## Exercise directions
The lines from the start of the records below through the line containing "Ella | Chic" are to be copied exactly, both ends included, with nothing added.

## Record set
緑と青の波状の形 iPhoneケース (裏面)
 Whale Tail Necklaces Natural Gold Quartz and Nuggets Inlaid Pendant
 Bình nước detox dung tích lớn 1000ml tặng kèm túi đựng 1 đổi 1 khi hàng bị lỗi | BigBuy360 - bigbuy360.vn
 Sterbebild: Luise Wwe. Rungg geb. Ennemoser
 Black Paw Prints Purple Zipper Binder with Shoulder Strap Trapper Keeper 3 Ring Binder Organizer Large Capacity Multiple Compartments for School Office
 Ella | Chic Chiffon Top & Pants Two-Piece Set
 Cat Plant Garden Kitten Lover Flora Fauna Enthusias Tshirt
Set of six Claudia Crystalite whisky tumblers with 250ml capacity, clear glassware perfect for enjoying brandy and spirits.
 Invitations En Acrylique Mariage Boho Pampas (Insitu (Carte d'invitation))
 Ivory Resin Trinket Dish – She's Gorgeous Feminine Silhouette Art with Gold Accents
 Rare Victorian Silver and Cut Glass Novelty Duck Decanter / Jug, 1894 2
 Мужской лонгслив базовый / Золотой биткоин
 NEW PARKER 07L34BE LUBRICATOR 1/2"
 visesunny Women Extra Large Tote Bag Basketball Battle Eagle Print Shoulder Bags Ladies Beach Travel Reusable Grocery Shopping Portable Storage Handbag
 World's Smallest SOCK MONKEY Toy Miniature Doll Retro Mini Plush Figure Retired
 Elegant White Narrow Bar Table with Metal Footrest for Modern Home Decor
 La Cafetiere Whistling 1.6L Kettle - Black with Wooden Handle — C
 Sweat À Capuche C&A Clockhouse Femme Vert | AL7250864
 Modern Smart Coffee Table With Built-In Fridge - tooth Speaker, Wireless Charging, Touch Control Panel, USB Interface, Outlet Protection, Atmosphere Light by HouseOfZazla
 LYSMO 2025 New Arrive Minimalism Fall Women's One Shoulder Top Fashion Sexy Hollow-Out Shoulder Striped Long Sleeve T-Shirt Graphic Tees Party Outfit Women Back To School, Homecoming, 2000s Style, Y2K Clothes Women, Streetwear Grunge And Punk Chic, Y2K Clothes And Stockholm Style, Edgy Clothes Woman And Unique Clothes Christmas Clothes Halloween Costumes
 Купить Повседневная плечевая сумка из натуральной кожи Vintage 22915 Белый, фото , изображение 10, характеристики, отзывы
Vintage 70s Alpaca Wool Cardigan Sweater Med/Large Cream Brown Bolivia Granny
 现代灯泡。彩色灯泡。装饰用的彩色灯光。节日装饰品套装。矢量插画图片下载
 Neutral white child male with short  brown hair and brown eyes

## Exercise solution
緑と青の波状の形 iPhoneケース (裏面)
 Whale Tail Necklaces Natural Gold Quartz and Nuggets Inlaid Pendant
 Bình nước detox dung tích lớn 1000ml tặng kèm túi đựng 1 đổi 1 khi hàng bị lỗi | BigBuy360 - bigbuy360.vn
 Sterbebild: Luise Wwe. Rungg geb. Ennemoser
 Black Paw Prints Purple Zipper Binder with Shoulder Strap Trapper Keeper 3 Ring Binder Organizer Large Capacity Multiple Compartments for School Office
 Ella | Chic Chiffon Top & Pants Two-Piece Set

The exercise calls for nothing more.